A person commits arson if he unlawfully and intentionally sets fire to
  • immovable property belonging to another; or
  • his own immovable insured property, to claim the value of property from an insurer.
Elements
The elements of the crime are the following: (a) setting fire to (b) immovable property (c) unlawfully and (d) intentionally.
Requirements
Arson is only a particular form of the crime of malicious injury to property. The crime can be committed only in respect of immovable property: that is, "buildings and other immovable property." If movable property is set alight, the crime of malicious injury to property may be committed, provided that the other requirements are met. The crime is completed only at the moment that the property has been set alight. If the arsonist is caught at a stage before the property has been set alight, he is guilty of attempted arson only, provided that his conduct has, according to the general rules governing liability for attempt, proceeded beyond mere acts of preparation.
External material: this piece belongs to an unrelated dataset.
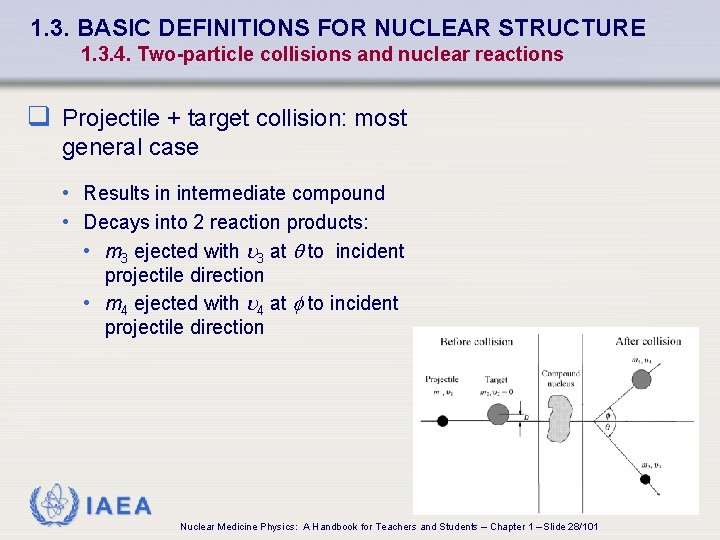 1. 3. BASIC DEFINITIONS FOR NUCLEAR STRUCTURE 1. 3. 4. Two-particle collisions and nuclear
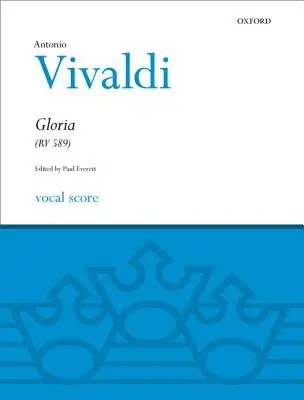 Gloria en Re: Partitura Vocal - Gloria in D: Vocal Score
As in malicious injury to property, one cannot in principle commit arson in respect of one's own property. A person commits arson if he sets fire to his own property to claim its value from the insurer. It would have been better to punish this type of conduct as fraud instead of arson, but the courts will in all probability not depart from the appeal court's view."
Intention, and more particularly the intention to damage property by setting fire to it, thereby causing patrimonial harm to somebody, is also required. Dolus eventualis in this regard is sufficient.